→ **Data extracted from a collection**
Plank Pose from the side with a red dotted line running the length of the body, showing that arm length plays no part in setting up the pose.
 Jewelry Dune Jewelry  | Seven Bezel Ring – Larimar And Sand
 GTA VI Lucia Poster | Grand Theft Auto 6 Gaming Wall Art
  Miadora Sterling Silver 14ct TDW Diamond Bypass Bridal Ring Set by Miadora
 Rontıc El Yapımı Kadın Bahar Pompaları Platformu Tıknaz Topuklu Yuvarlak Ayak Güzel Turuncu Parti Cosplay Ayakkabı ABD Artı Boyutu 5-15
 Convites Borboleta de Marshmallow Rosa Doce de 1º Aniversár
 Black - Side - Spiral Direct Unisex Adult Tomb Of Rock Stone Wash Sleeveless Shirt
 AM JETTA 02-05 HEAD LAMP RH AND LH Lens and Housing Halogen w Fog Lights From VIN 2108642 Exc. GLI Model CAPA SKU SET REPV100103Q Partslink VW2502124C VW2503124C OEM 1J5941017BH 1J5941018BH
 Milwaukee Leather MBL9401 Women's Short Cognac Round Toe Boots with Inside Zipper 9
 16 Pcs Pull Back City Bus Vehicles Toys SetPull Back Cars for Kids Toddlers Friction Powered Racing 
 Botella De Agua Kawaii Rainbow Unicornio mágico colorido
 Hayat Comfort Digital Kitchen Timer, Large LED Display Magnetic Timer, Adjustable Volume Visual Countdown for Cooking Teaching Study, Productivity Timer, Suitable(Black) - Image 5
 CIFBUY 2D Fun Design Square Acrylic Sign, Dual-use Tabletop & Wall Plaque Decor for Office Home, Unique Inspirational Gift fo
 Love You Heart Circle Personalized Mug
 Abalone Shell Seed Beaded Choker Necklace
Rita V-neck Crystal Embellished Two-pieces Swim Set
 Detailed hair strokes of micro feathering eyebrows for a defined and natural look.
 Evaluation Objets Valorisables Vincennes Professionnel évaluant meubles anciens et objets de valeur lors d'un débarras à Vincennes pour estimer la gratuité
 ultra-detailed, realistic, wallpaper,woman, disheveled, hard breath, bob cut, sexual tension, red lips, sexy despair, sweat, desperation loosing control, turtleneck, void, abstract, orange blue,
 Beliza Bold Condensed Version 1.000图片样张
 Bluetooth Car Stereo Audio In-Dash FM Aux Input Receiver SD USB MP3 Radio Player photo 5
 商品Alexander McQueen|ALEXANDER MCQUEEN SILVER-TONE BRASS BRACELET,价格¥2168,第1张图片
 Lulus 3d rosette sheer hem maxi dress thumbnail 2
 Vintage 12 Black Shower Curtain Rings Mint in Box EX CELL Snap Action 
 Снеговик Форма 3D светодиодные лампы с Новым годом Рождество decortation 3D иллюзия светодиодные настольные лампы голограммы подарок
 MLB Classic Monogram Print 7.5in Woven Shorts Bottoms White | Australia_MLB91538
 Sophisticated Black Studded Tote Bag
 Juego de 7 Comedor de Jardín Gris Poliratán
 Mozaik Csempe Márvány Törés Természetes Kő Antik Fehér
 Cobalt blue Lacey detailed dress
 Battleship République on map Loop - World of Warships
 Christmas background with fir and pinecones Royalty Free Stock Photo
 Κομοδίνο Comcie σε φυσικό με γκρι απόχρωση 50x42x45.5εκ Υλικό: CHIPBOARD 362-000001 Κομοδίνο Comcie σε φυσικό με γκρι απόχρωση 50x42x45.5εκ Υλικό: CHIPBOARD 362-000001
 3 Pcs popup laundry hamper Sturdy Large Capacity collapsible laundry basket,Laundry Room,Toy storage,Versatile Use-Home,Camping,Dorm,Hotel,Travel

→ **YOUR ASSIGNMENT**
Out of the data above, transcribe exactly and only the lines starting with the line that has "Black - Side" and going on through the line that has "Vintage 12 Black", both included.

→ **YOUR SOLUTION**
 Black - Side - Spiral Direct Unisex Adult Tomb Of Rock Stone Wash Sleeveless Shirt
 AM JETTA 02-05 HEAD LAMP RH AND LH Lens and Housing Halogen w Fog Lights From VIN 2108642 Exc. GLI Model CAPA SKU SET REPV100103Q Partslink VW2502124C VW2503124C OEM 1J5941017BH 1J5941018BH
 Milwaukee Leather MBL9401 Women's Short Cognac Round Toe Boots with Inside Zipper 9
 16 Pcs Pull Back City Bus Vehicles Toys SetPull Back Cars for Kids Toddlers Friction Powered Racing 
 Botella De Agua Kawaii Rainbow Unicornio mágico colorido
 Hayat Comfort Digital Kitchen Timer, Large LED Display Magnetic Timer, Adjustable Volume Visual Countdown for Cooking Teaching Study, Productivity Timer, Suitable(Black) - Image 5
 CIFBUY 2D Fun Design Square Acrylic Sign, Dual-use Tabletop & Wall Plaque Decor for Office Home, Unique Inspirational Gift fo
 Love You Heart Circle Personalized Mug
 Abalone Shell Seed Beaded Choker Necklace
Rita V-neck Crystal Embellished Two-pieces Swim Set
 Detailed hair strokes of micro feathering eyebrows for a defined and natural look.
 Evaluation Objets Valorisables Vincennes Professionnel évaluant meubles anciens et objets de valeur lors d'un débarras à Vincennes pour estimer la gratuité
 ultra-detailed, realistic, wallpaper,woman, disheveled, hard breath, bob cut, sexual tension, red lips, sexy despair, sweat, desperation loosing control, turtleneck, void, abstract, orange blue,
 Beliza Bold Condensed Version 1.000图片样张
 Bluetooth Car Stereo Audio In-Dash FM Aux Input Receiver SD USB MP3 Radio Player photo 5
 商品Alexander McQueen|ALEXANDER MCQUEEN SILVER-TONE BRASS BRACELET,价格¥2168,第1张图片
 Lulus 3d rosette sheer hem maxi dress thumbnail 2
 Vintage 12 Black Shower Curtain Rings Mint in Box EX CELL Snap Action 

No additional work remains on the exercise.